The thought of filling a cup with water that was once used to flush the toilet alone is enough to make many people nauseated. However recycling waste water for human consumption is no longer a rejected, last resort idea, many cities in the US are exploring or implementing this option as a cost-saving water conservation method.

According to the US Environmental Protection Agency (USEPA), recycled waste water is defined as treated waste water for beneficial uses.

Recycled wastewater is distinguished according to different levels of treatment and end uses. Gray water is wastewater from residential, commercial and industrial bathroom sinks, bath tub shower drains and clothes washing equipment drains. The water is typically disinfected and filtered before returning for local landscape irrigation.  Recycled waste water with very advanced chemical treatment, filtration and disinfection can be used to replenish groundwater aquifers and surface water aquifers destined for human consumption. Water used in cooling processes at industrial facilities can be recaptured and reused for the same purpose again.  Unplanned recycled waste water is treated waste water from a city upstream that has entered into a downstream city’s water source.
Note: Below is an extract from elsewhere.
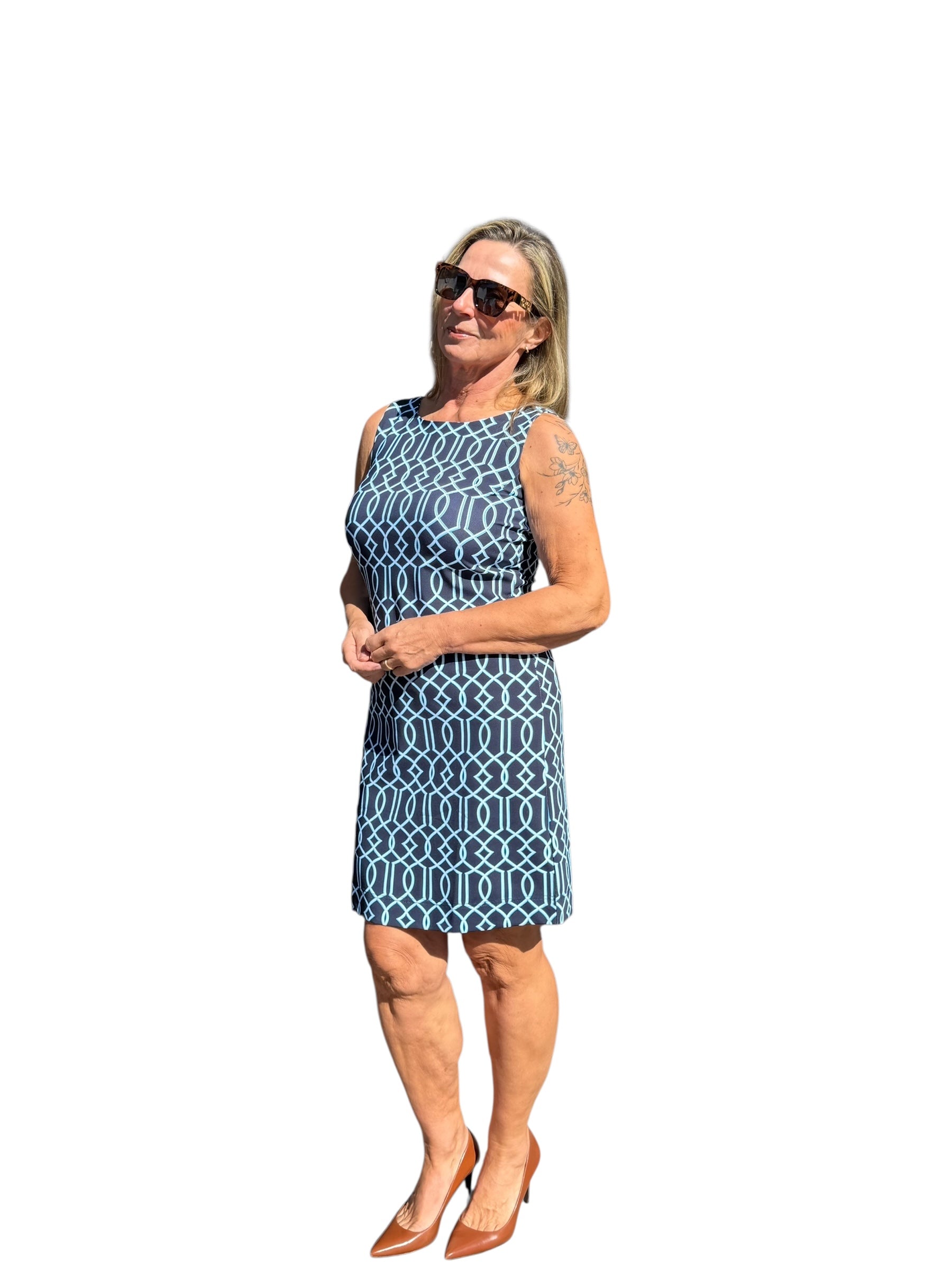 Classic Shift Dress with UPF50+ Geometric Lines Navy - Back of the Bay Boutique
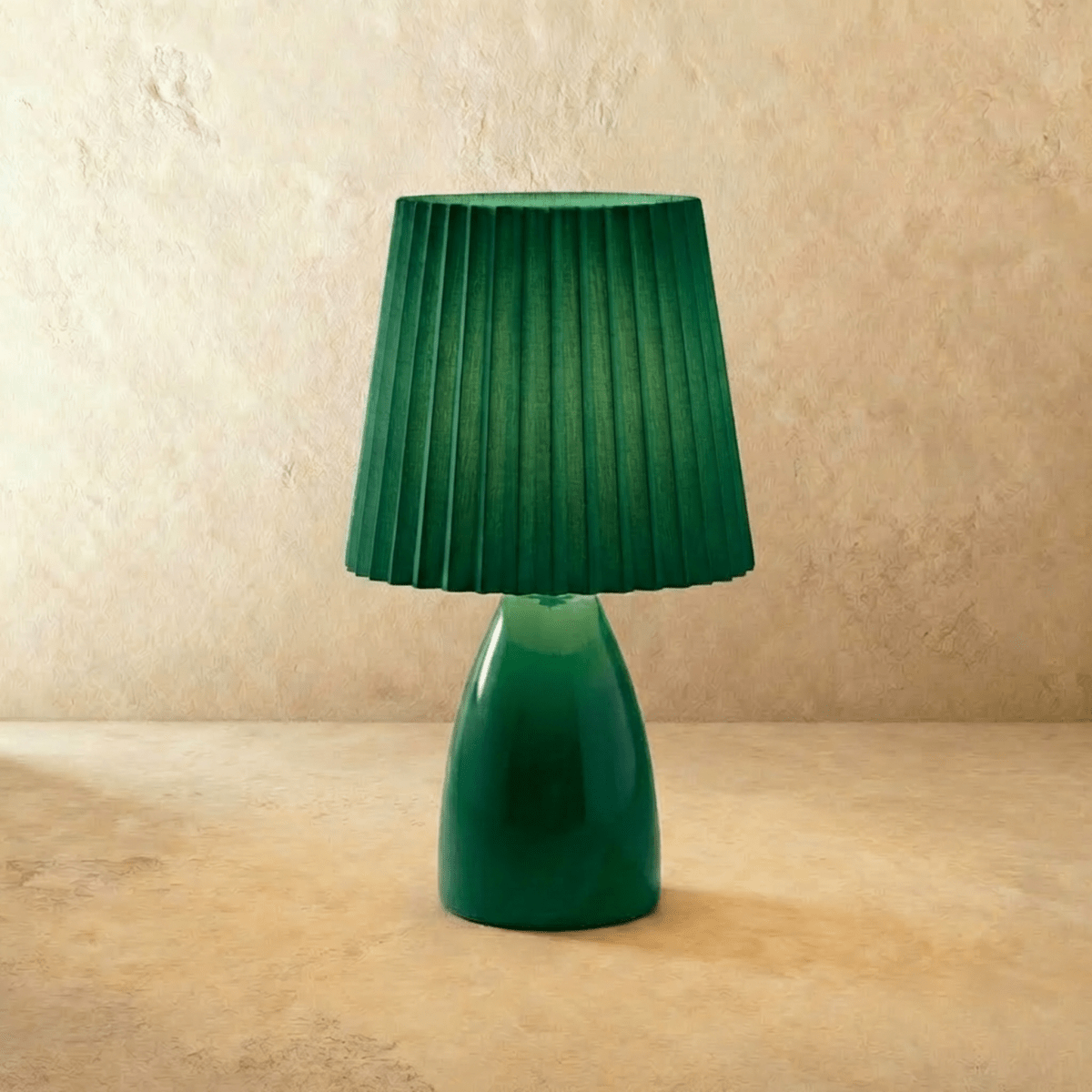 NovaAura Ceramic Table Lamp With Pleated Shade And Mid Century Charm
Water upstream may be used, treated and reused few to many times before ending up downstream.

According to a recent study by the National Research Council, the health risks associated with using recycled waste water is no more than that of existing fresh water supplies. This is a complete turn around from the previous study by the same group in 1998, which concluded that recycled waste water should be “an option of last resort” for human consumption. The study compared pathogen and chemical contaminant levels between water from a conventional source and water from aquifers partially recharged with treated sewage and founded no difference in health risks between the two and, in the case of pathogen levels, may be lower.

Recently, a research team at the University of Southern Maine surveyed about 2,700 individials across 5 cities in the US about their willingness to drink water recycled from waste waters. 38% were willing, while 13% were not willing and 50% were unsure. Despite the lack of support, participants of the survey were more willing to drink the recycled water if it had been stored in aquifer than if it had been directly supplied from the treatment plant.

For years, many water-strapped cities and towns in Western US have been implementing water recycling technologies and policies to get the most out of their water supply and to meet future water demand.

– Las Vegas, Nevada currently discharges its treated wastewater into Lake Mead, which also supplies water for Southern California and much of the Southwest.

– Los Angeles, California boasts two waste water treatment plants that provide recycled waste water for beneficial uses within the City. The Glendale Water Reclamation Plant treats over 20 million gallons of water every day, while the Donald C. Tillman Reclamation Plan treats about 40 million gallons of water per day. Both supplies irrigation water for City-managed golf courses, parks and landscaped areas.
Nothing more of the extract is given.